As Gawker Writers Unionize, The Labor Movement Adapts To A Post-Union World

As digital media gets its first big union shop, one labor powerhouse is betting on non-union organizing for a U.S. workforce with less factory workers and more Uber drivers.

Mike Groll / AP

As of Thursday morning, America has its newest unionized workforce, with editorial staff at Gawker Media voting to join the Writers Guild of America, East.

The successful organizing drive — the first at a big digital media company — is a small victory for the beleaguered union movement, adding just under 120 workers to the ever-dwindling number of unionized Americans. But it's far from the only win celebrated lately by the wider labor movement, which has a spring in its step for the first time in decades.

And that is thanks in large part to the unprecedented efforts of one old-school union to fund and incubate the movements that seem set to eventually supersede it.
Central to the momentum of labor activism in recent years has been the rise of so-called alt-labor: organizing that takes place outside the traditional union system. Most prominently, the successes of the Fight For 15 minimum wage campaign, centered on fast food workers, have given energy to organizers across the country — including at Gawker itself.

"I wouldn't even have guessed they would be that successful. It's just a hard fight, they've accomplished a lot, they seem to be still going strong" said Hamilton Nolan, a Gawker writer who played a lead role in the organizing drive, of the low-wage protesters. "One reason for that is America as a country has moved. It's not the same place it was ten years ago, because of the recession and widening inequality. The wider inequality gets, the more America is going to be ready for more radical action."

And if more American workers seek to join in that radical action, they will find a growing infrastructure of activist groups and resource centers waiting for them. They exist outside of the union system, but many of them are supported by the same benefactor: the Services Employees International Union, which has invested its money and people into backing the alt-labor movement.

Lynne Sladky / AP

The SEIU's move is timely, given the rising number of workers that will never join a traditional union.
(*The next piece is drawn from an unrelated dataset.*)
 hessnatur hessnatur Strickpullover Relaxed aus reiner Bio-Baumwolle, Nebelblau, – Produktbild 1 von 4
In May, the Government Accountability Office released a report counting 40 million contingent workers in America — part-time, temporary, seasonal or contractors — while a survey by the Freelancers Union found that 53 million people (about 1 in 3 members of the workforce) are now freelancing.
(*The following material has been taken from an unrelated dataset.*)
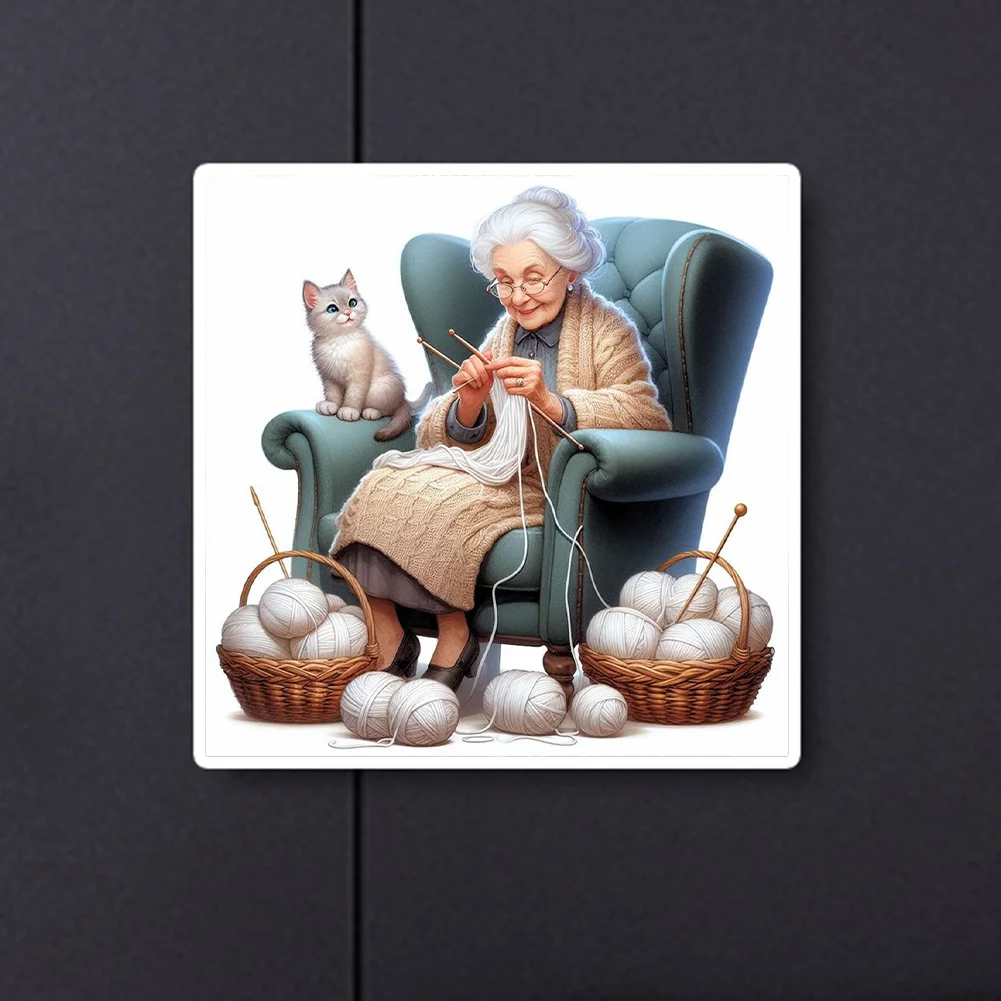 Diamond Painting - Full Round Drill - Knitting Grandma(Canvas|40*40cm)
"All labor is alt-labor now — it's not just on the margins," Sacket Soni, executive director of the National Guestworker Alliance (NGA), a workers' center backed by the SEIU, told BuzzFeed News. "They're agricultural workers, adjunct professors, and construction workers — but also contract attorneys. Gardeners, but also insurance agents. The day laborer corner that used to be outside Home Depot suddenly went up to the cloud, and now there's Amazon Mechanical Turk, so you become a classic day laborer, but a digital laborer."

The NGA organizes primarily for workers that are not recognized as full employees in the traditional sense, and so lack the rights to organize that laws like the National Labor Relations Act were once written to protect. Guestworkers, agricultural and domestic workers, and independent contractors are among those in a category for whom unions were never a clear recourse.
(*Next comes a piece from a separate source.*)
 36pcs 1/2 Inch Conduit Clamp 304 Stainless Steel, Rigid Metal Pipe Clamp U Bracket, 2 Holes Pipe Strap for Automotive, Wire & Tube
The same goes for many others, including the fast food staffers that have been so visible in recent protests.

"You know the Fight for 15 is a movement and not just an institution because there's no single address you could send a postcard to," said David Rolf, president of the SEIU's Seattle Local 775. While "capital C, capital B collective bargaining has taken up all the air in the room" in past decades, in Rolf's words, he says some in the labor movement are wising up to the reality that other forms of collective action, such as wage-focused issue campaigns, stand a better chance of success going forward.

Rolf is one of the forces behind the Workers Lab, a Silicon Valley-esque incubator that aims to apply startup principles to generating new tactics for labor, as unions threaten to fade away.

"The theory is workers in America need new models," he said. "We have a choice: between turning inward and protecting what we have and transferring those talents and assets."